Wednesday, September 19, 2007

America's Sampson option

First the Bush administration had the US forces invade Iraq on the absolute certainty that Saddam had weapons of mass destruction. Then after the American people discovered that wasn't true, instead of punishing Bush and his people for the lies, instead they re-elected him! It is one of those stories whose telling still evokes a sense of wonder and amazement among people in the Arab and Islamic worlds, not just for the history of it, but also for the awful sense that the story is going to be repeated.
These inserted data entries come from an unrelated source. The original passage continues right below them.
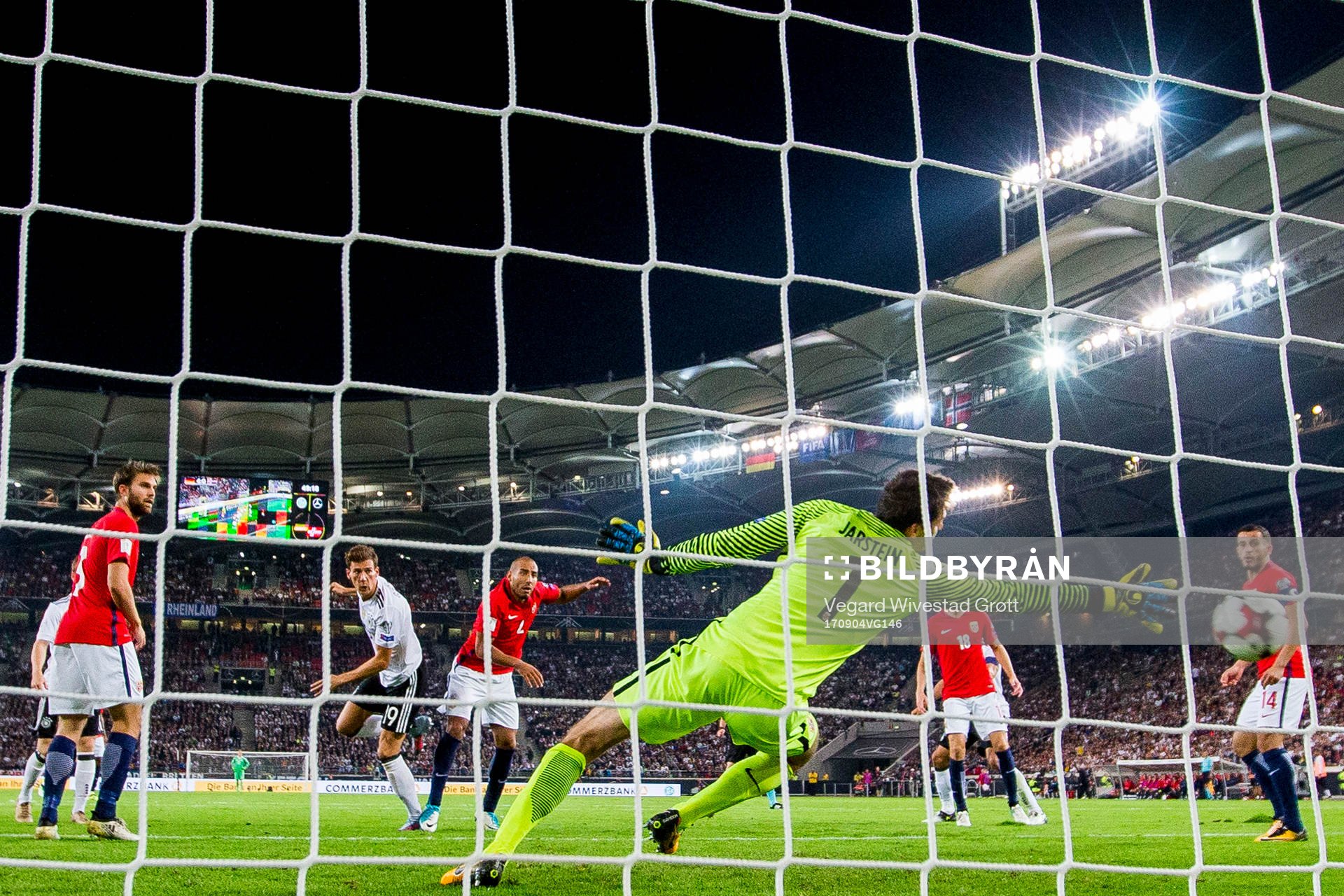 Leon Goretzka of Germany scores 5-0 behind goalkeeper Rune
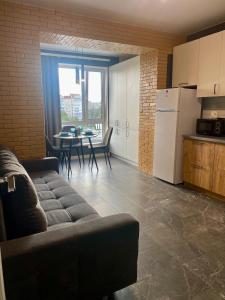 a living room with a couch and a kitchen with a table at Апартаменти Люкс, КОНДИЦІОНЕР, парковка, Авторинок, медцентр ЯНА - 5хв in Luts'k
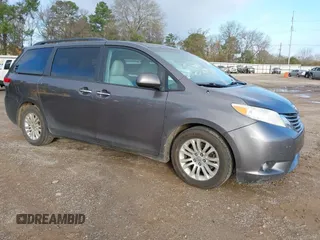2014 Toyota Sienna XLE with VIN 5TDYK3DC1ES509800, listed as a IAAI auction lot 41187555 with 217,243 mi miles and . Bid and sale history available at DreamBid. Image 1.
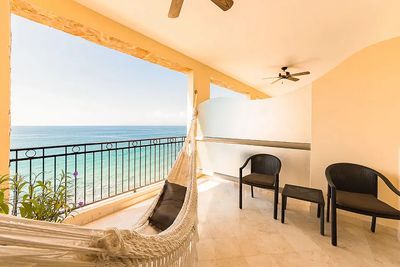 Balcony overlooking the ocean with a hammock, two black chairs, and a ceiling fan under a covered area.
So it is that the recent discussions about the well-foundedness or otherwise of American allegations about an Iranian proxy-war in Iraq, or the Syrian nuclear connection with North Korea, seem so ludicrous and so frightening at the same time.

As lawyer and op-ed columnist Issam Naaman puts it, the question before us is not the truth or otherwise of the recent allegations and insinuations by America and its cohorts about the Iranian threat and the Syrian threat. The implication: We've had six years of Bush and the American corporate media to teach us how to deal with that question.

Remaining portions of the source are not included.